I want to check with you my proof of the following result:
Result: Let $f:A \rightarrow B$ and $g:B \rightarrow C$ be functions and let $U \subseteq A$. Then $(g \circ f)_*(U) = g_*(f_*(U))$.
My proof: In order to show that $(g \circ f)_*(U) = g_*(f_*(U))$, it suffices to show that each of the sets is a subset of the other.
Let $x \in (g \circ f)_*(U)$. By definition of image, we deduce that exists some $u \in U$ such that $x = (g \circ f)(u)$. By definition of composition, we observe that $(g \circ f)(u) = g(f(u))$, so $x = g(f(u))$. Again, by definition of image, we know that $g(f(u)) \in g_*(f_*(U))$. Hence $x \in g_*(f_*(U))$. Therefore $(g \circ f)(U) \subseteq g_*(f_*(U))$.
Now, let $y \in g_*(f_*(U))$. By definition, there exists some $a \in f_*(U)$ such that $y=g(a)$. Let $a_0$ be that element.
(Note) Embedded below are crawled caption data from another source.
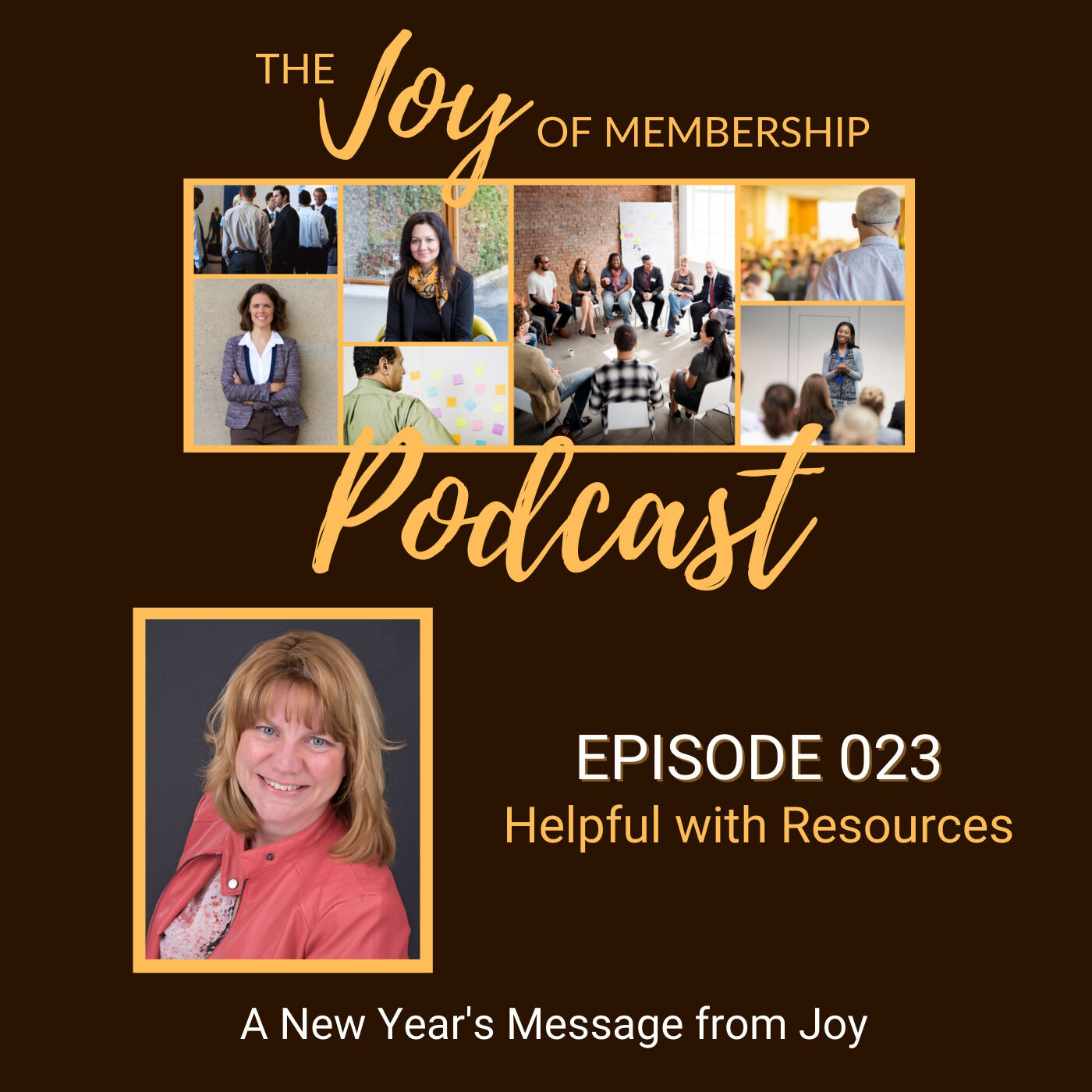 The Joy of Membership Podcast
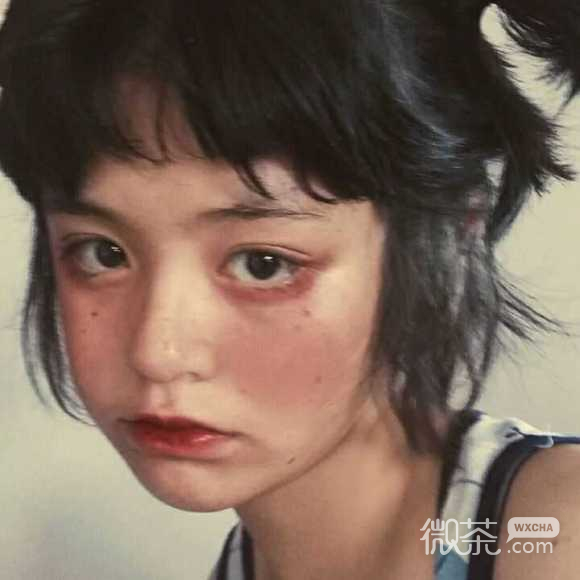 文艺清纯微信女生头像
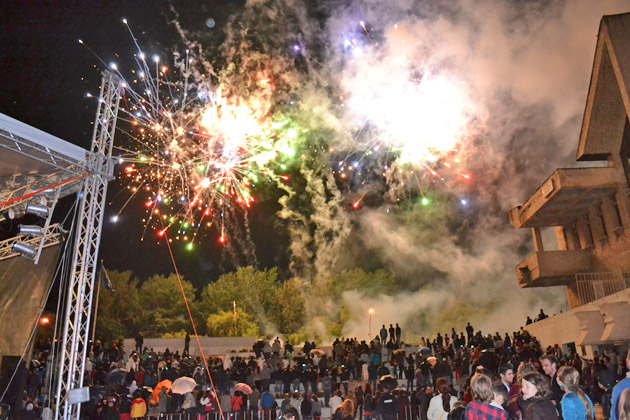 Show maxim de Zilele Sătmarului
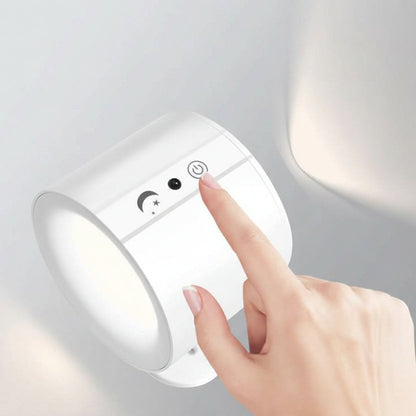 LUMISPIN - LED Wand Lamp – Dimmable & 360° Rotatable for Every Home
Since $a_0 \in f_*(U)$, we deduce that there exists some $b \in U$ such that $f(b)=a_0$. Let $b_0$ be that element. Hence $f(b_0)=a_0$ and $g(a_0)=y$. Then for $b_0 \in U$ we have $g(f(b_0)) = y$. By definition, $g(f(b_0))=(g \circ f)(b_0)$. So $g(f(b_0)) \in (g \circ f)_*(U)$. Hence $y \in (g \circ f)_*(U)$. Therefore, we have that $g_*(f_*(U)) \subseteq (g \circ f)_*(U)$.
This concludes our proof.
Any feedback on this proof is welcome! Thank you!